_WHAT IS EXPECTED_. The answer should consist of the records below, repeated exactly, and no pictures.

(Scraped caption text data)
* * *

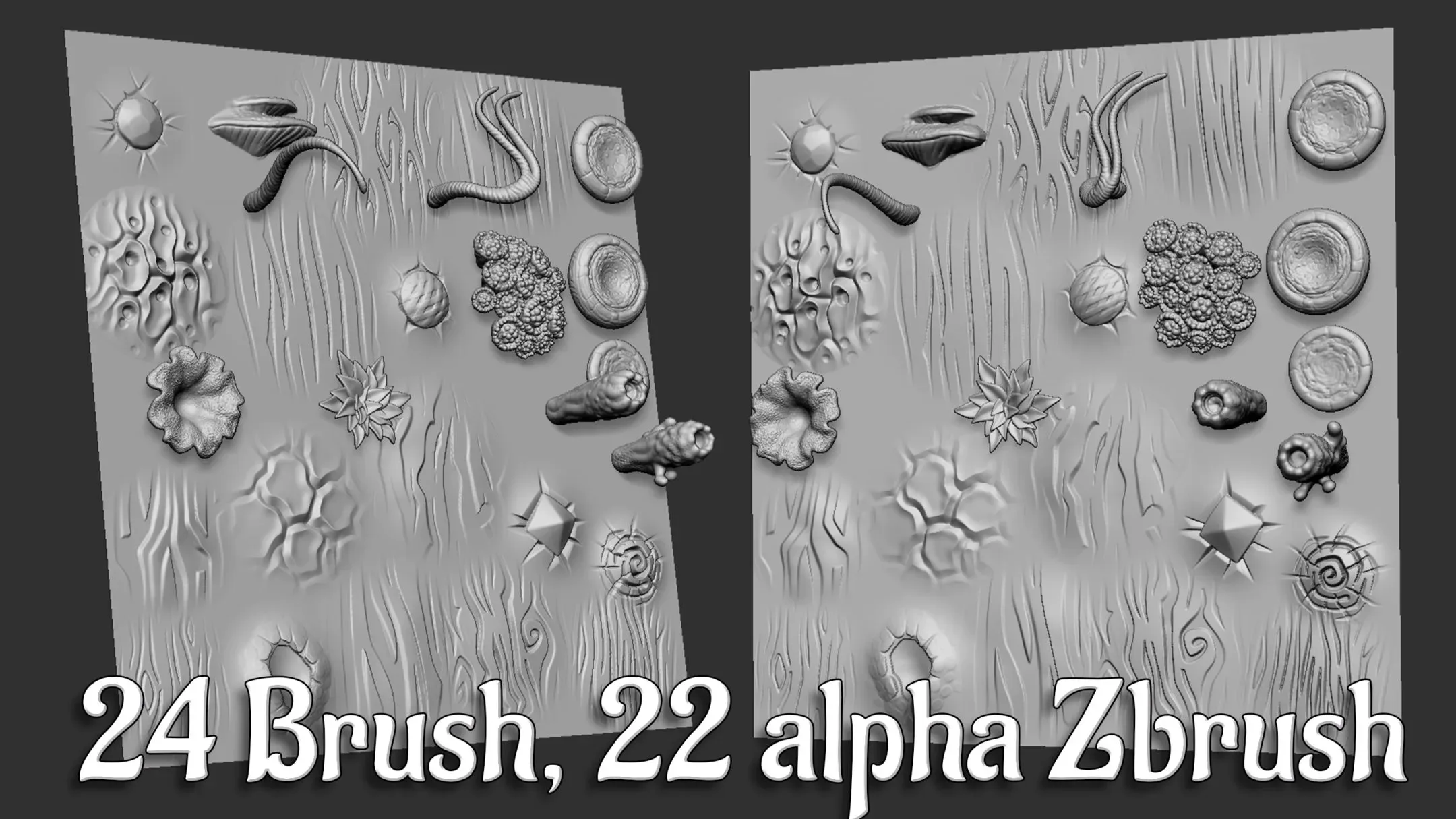 24 ZBP Brush, 22 Alpha Zbrush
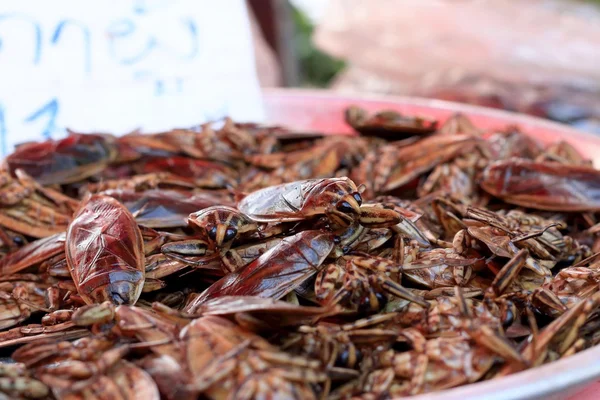 Kızarmış böcek yakın çekim
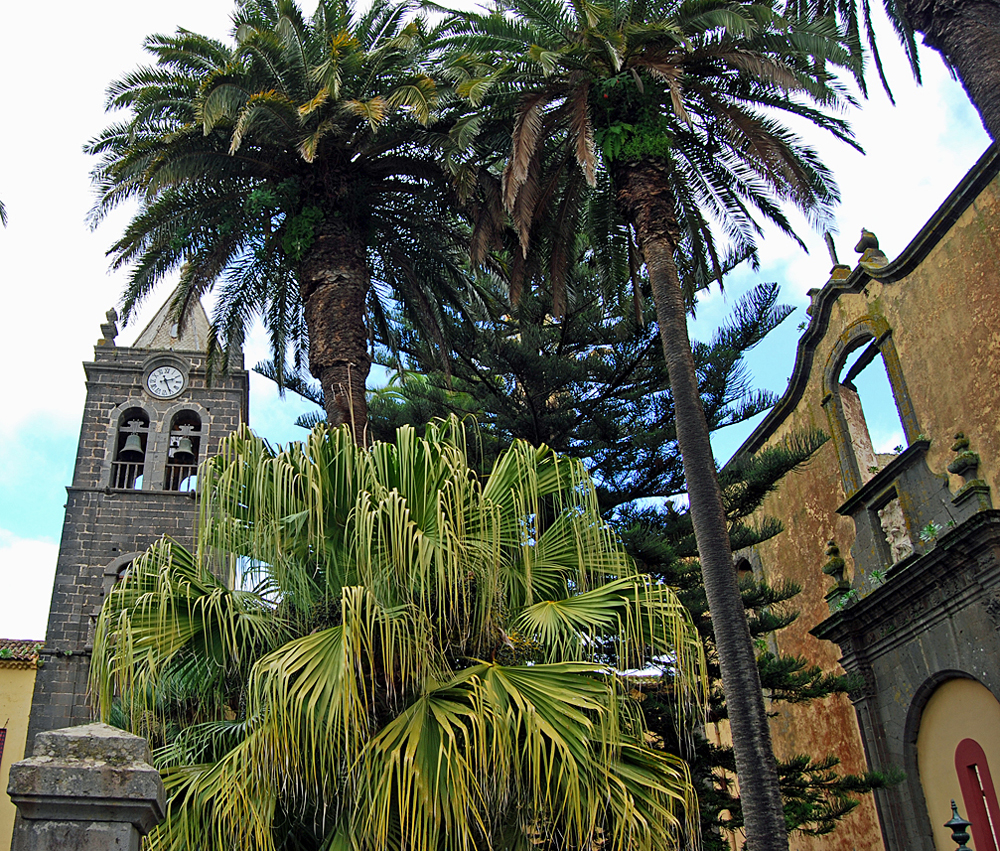 Denna bild har ett alt-attribut som är tomt. Dess filnamn är 2021LaLagunaklocktorn.jpg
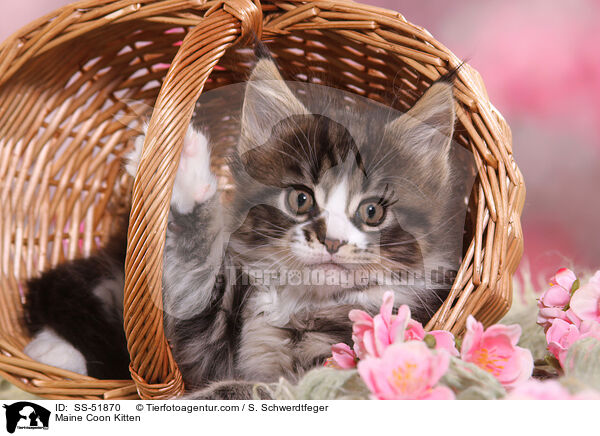 Maine Coon Ktzchen / Maine Coon Kitten / SS-51870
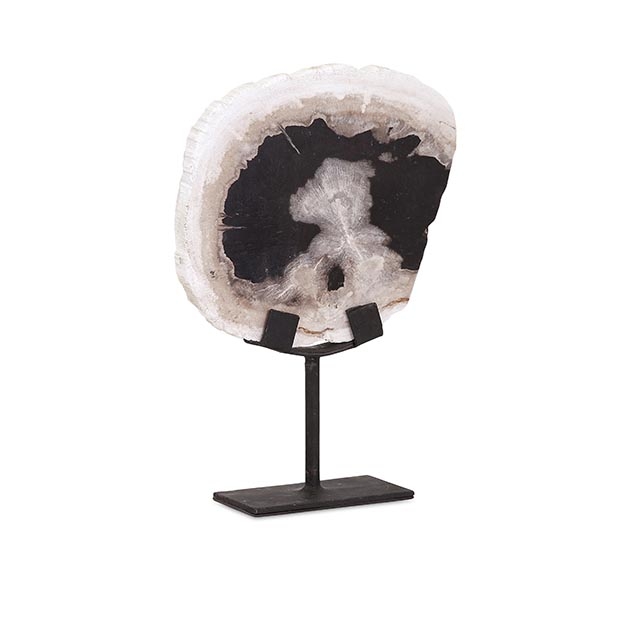 Petrified Wood Statuary Decor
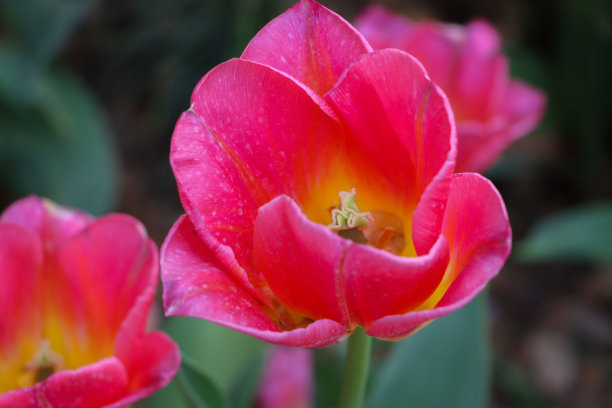 微距花朵图片下载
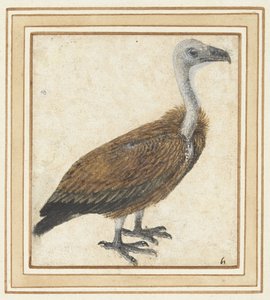 Abutre grifo jovem (Gyps fulvus) de Anonymous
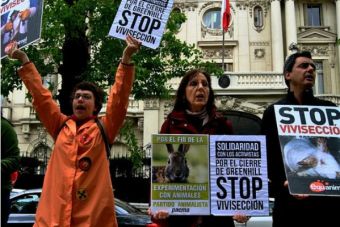 Animalistas en acción: 10 hitos por la defensa animal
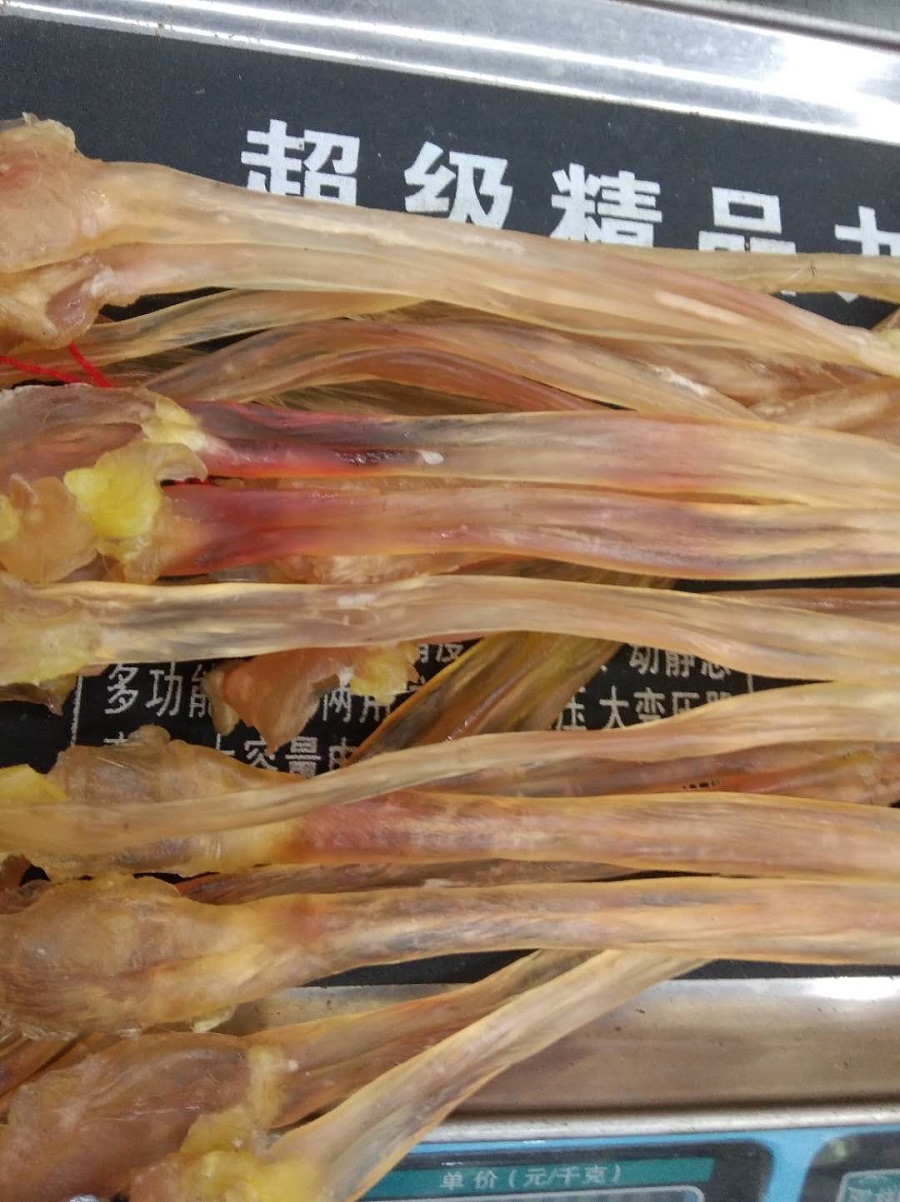 Dried Beef Tendon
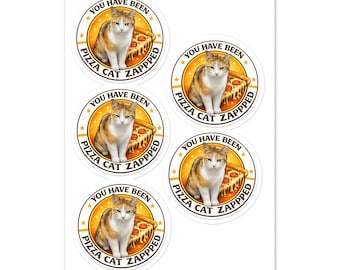 Pizza Cat Zapped Sticker – Aviation Humor Decal (2.75 Inch Round)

* * *

_WRITTEN ANSWER_.
 24 ZBP Brush, 22 Alpha Zbrush
 Kızarmış böcek yakın çekim
 Denna bild har ett alt-attribut som är tomt. Dess filnamn är 2021LaLagunaklocktorn.jpg
 Maine Coon Ktzchen / Maine Coon Kitten / SS-51870
 Petrified Wood Statuary Decor
 微距花朵图片下载
 Abutre grifo jovem (Gyps fulvus) de Anonymous
 Animalistas en acción: 10 hitos por la defensa animal
 Dried Beef Tendon
 Pizza Cat Zapped Sticker – Aviation Humor Decal (2.75 Inch Round)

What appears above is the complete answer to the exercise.